▸ **Your objective**
Your output should be the lines below from the one holding "Bulgaria | 3" through the one holding "Adidas Samba LT", transcribed exactly, with no pictures.

▸ **Material for this exercise**
● ● ● ● ● ● ●

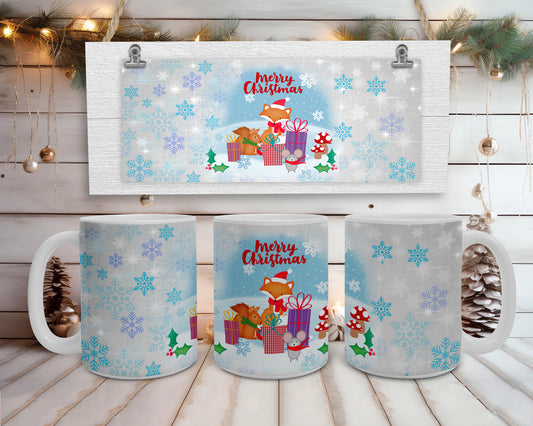 Christmas Critters Coffee Mug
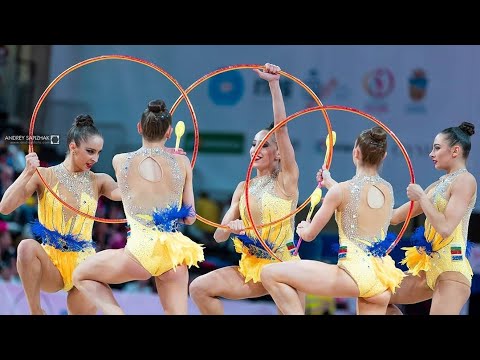 Bulgaria | 3 Hoops + 4 Clubs Music 2019 (Exact Cut)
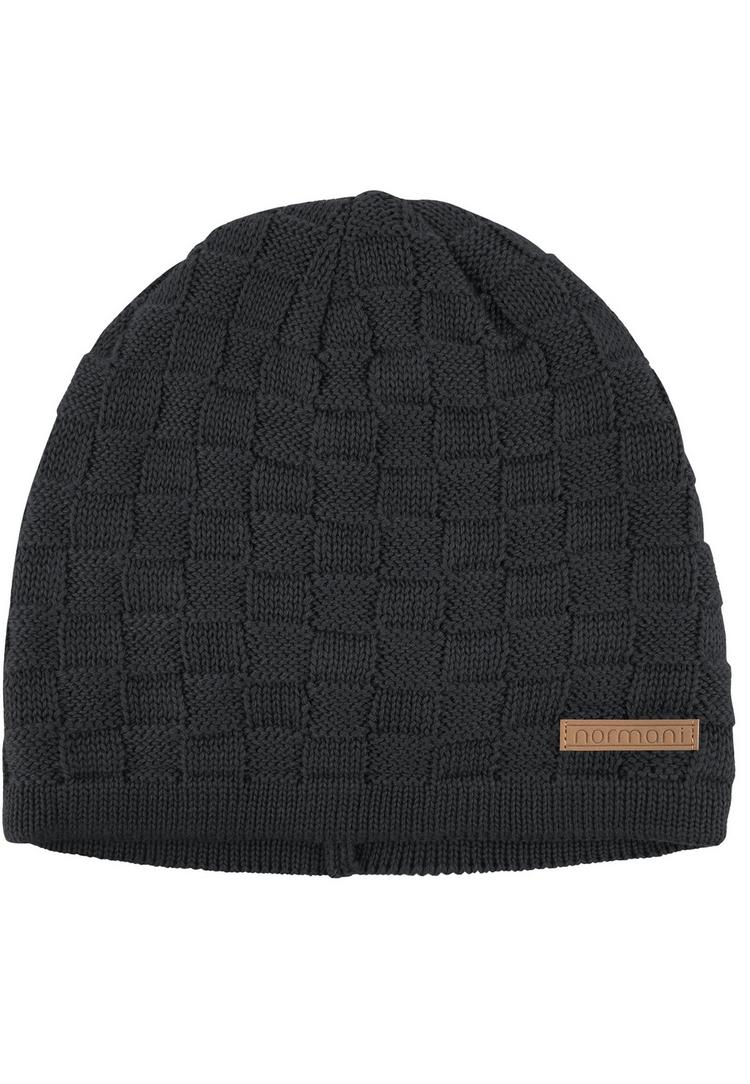 normani normani Yuma Beanie - Anthrazit - 0 | SportScheck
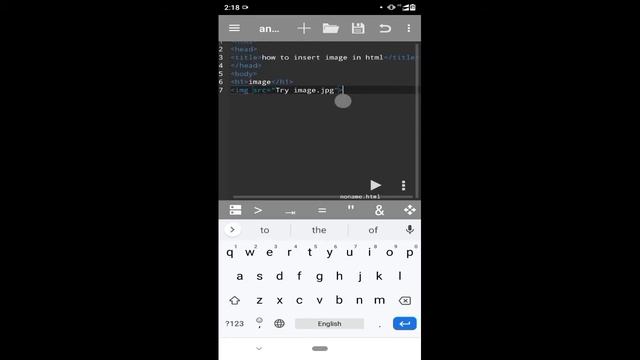How to add image in html with anwriter in android смотреть онлайн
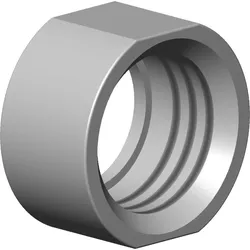 Dornbracht Befestigung Mutter Ersatzteile 092330035 1/2" Weiß matt 092330035-10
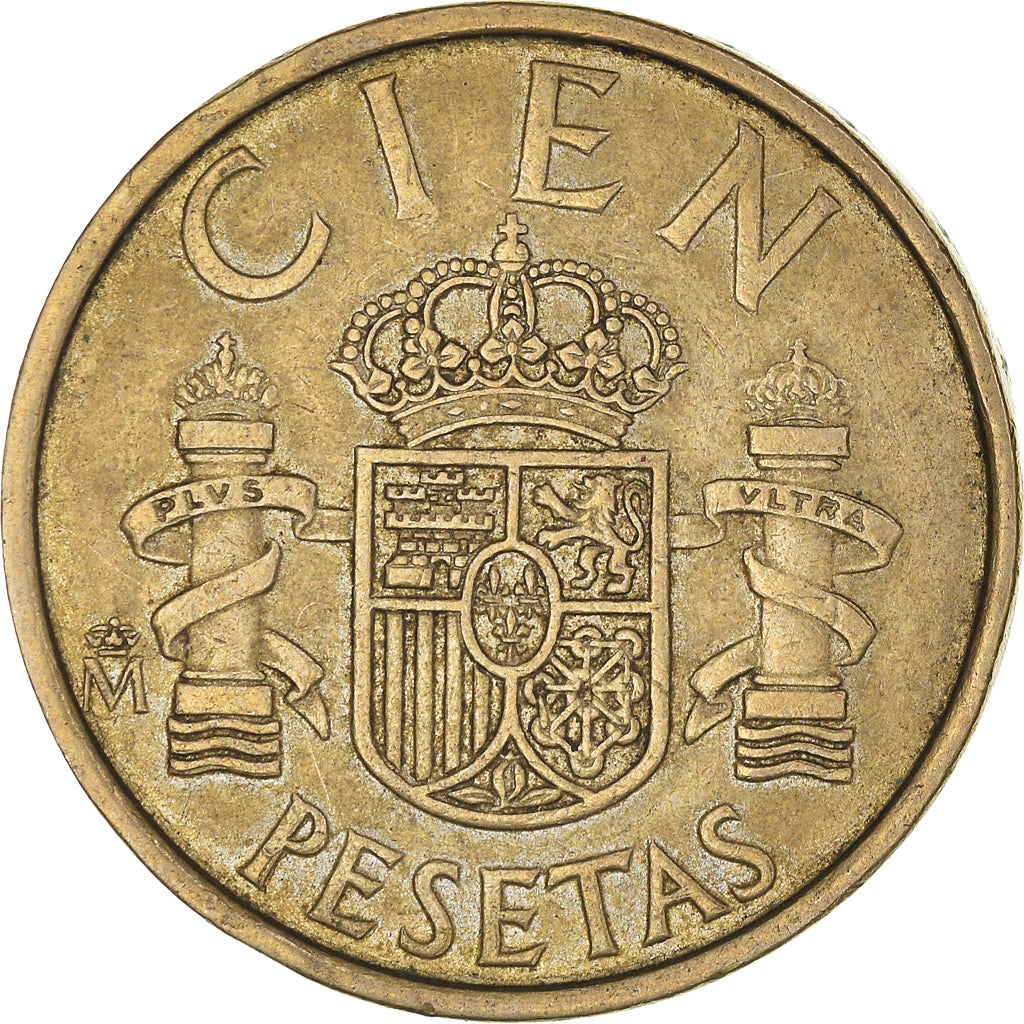 Coin, Spain, 100 Pesetas, 1983
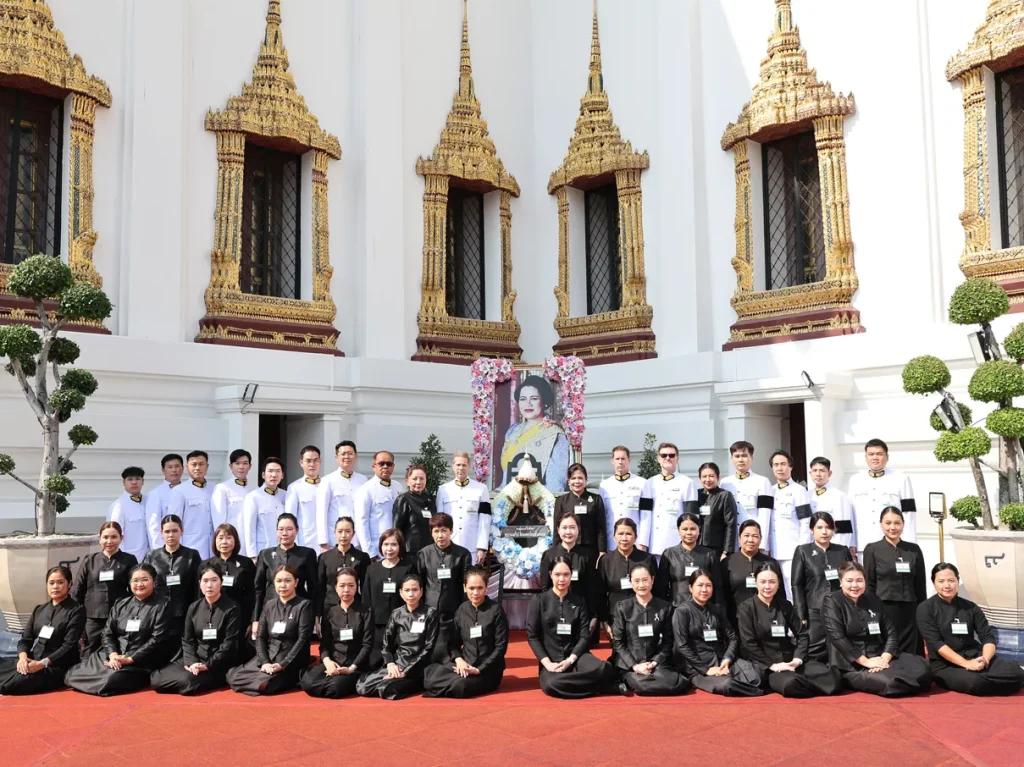 Thai Relo Services Hosts Royal Merit-Making Ceremony in Honor of Her Majesty Queen Sirikit The Queen Mother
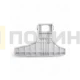 DC64-02430A Ручка люка для стиральной машины Samsung белая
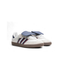 Adidas Samba LT Crystal Blanc Bleu Foncé Gomme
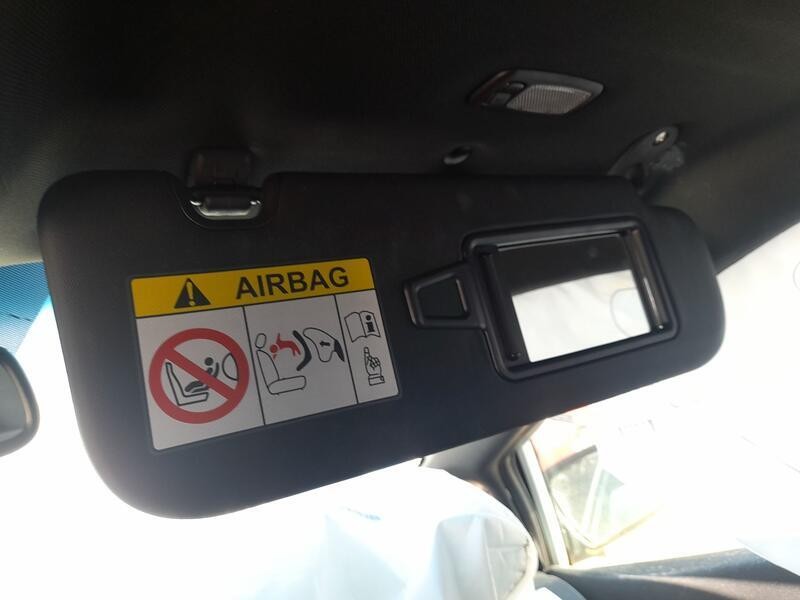 Recambio de parasol derecho para kia cee´d (jd) 1.0 t-gdi referencia OEM IAM 85220A2100ED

● ● ● ● ● ● ●

▸ **Reply to the task**
 Bulgaria | 3 Hoops + 4 Clubs Music 2019 (Exact Cut)
 normani normani Yuma Beanie - Anthrazit - 0 | SportScheck
How to add image in html with anwriter in android смотреть онлайн
 Dornbracht Befestigung Mutter Ersatzteile 092330035 1/2" Weiß matt 092330035-10
 Coin, Spain, 100 Pesetas, 1983
 Thai Relo Services Hosts Royal Merit-Making Ceremony in Honor of Her Majesty Queen Sirikit The Queen Mother
 DC64-02430A Ручка люка для стиральной машины Samsung белая
 Adidas Samba LT Crystal Blanc Bleu Foncé Gomme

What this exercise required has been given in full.